We love supporting design students in achieving their designs and showing them the industry and all the craft behind producing furniture. The stool "O" is the result of a student project by three students at Beckmans College of Design.
Making furniture requires a rich combination of ingredients — not only hard skills but also creativity, imagination, craftsmanship, and tacit knowledge.
To help us move forward and develop the next innovation or product design, we gladly take on new projects and collaborations with new designers and creators from other fields, including architecture, fashion, the arts, and gastronomy. Supporting forums that promote dialogue and exchange between young designers and their future industry is deeply important to us. Through new capabilities, we want to push Sweden’s design tradition further and ensure the long-term future of the domestic furniture industry.

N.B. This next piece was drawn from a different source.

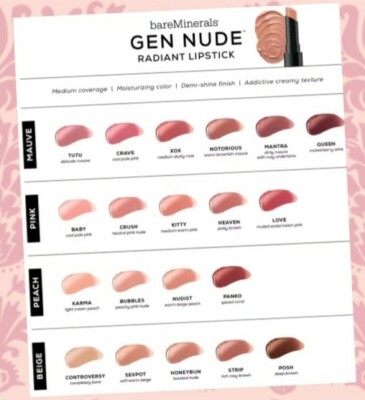 BareMinerals Gen Nude Radiant Lipstick Alpha new 0.12oz | eBay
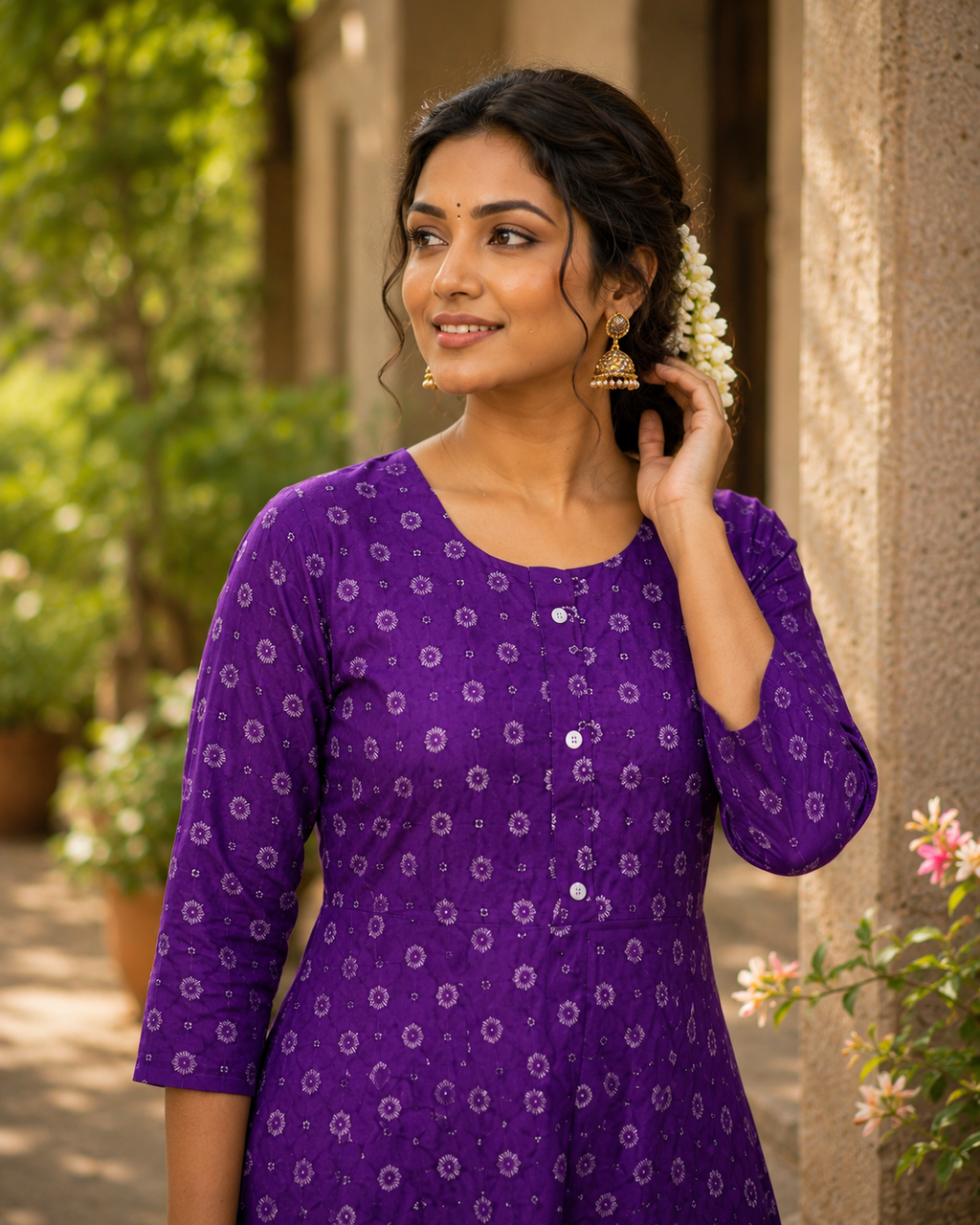 Bindoo Kali Cotton Kurti - Plum Purple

During Stockholm Design Week, February 7-13, we presented a student collaboration with three design students from Beckmans College of Design, Stockholm. The students had the task to design and develop a product and the product development team at Lammhults has help them to create the final product.
Annika Berner, Director of External Relations at Beckmans College of Design, says.

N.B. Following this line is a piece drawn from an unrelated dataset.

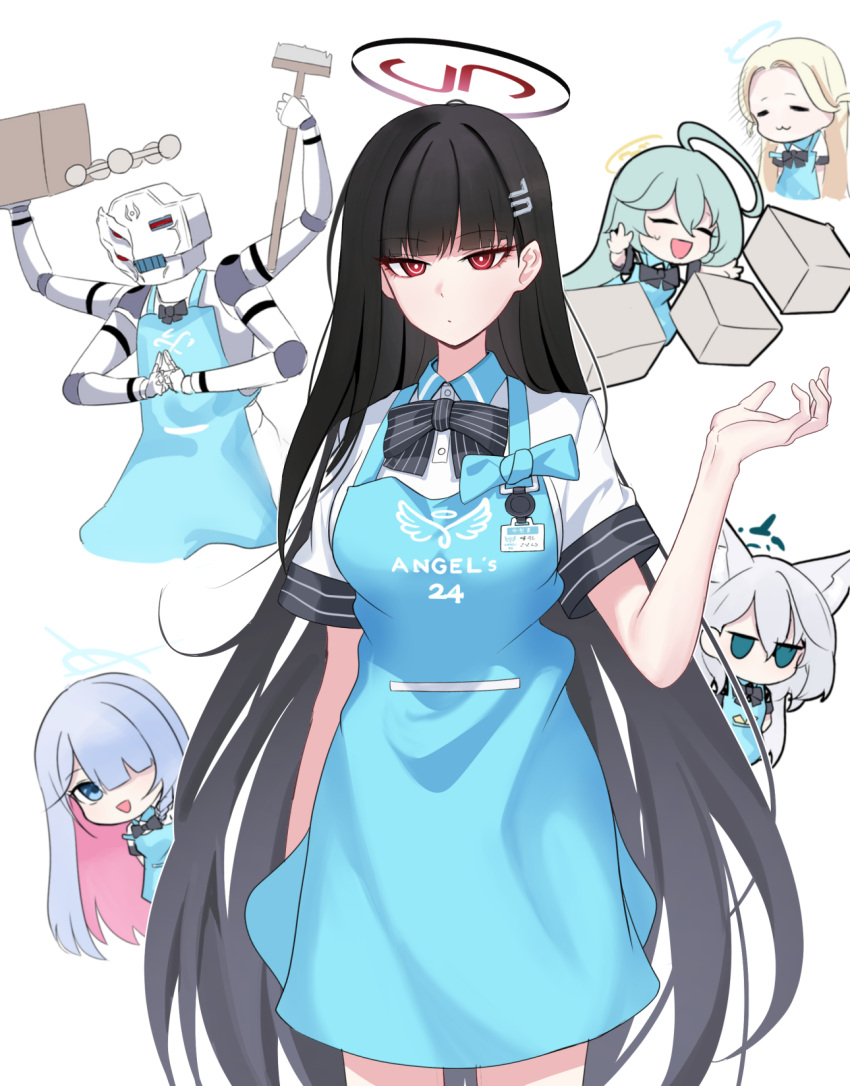 5girls, ahoge, angel's_24_uniform_(blue_archive), animal_ears, apron, avant_garde_(blue_archive), black_hair, blonde_hair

"To collaborate closely with Lammhults and other Swedish furniture manufacturers and craftsmen is essential in the education. It gives students invaluable knowledge in the entire design process, from idea to finished prototype. We also see that the collaboration opens up for a larger international audience to be interested in young Swedish design and discover new future designers' creativity, sense of form and care for crafts and materials."
We want to send an extra thanks to the students Elias Berg, Felicia Mebus, and Mikaela Midell for your time and inspiring ideas while creating your stool “O”.
"Through the course, we have oscillated between hope and despair, but in the end, we have gained so much knowledge about the industry's limitations and opportunities; now we are a little less naive, haha."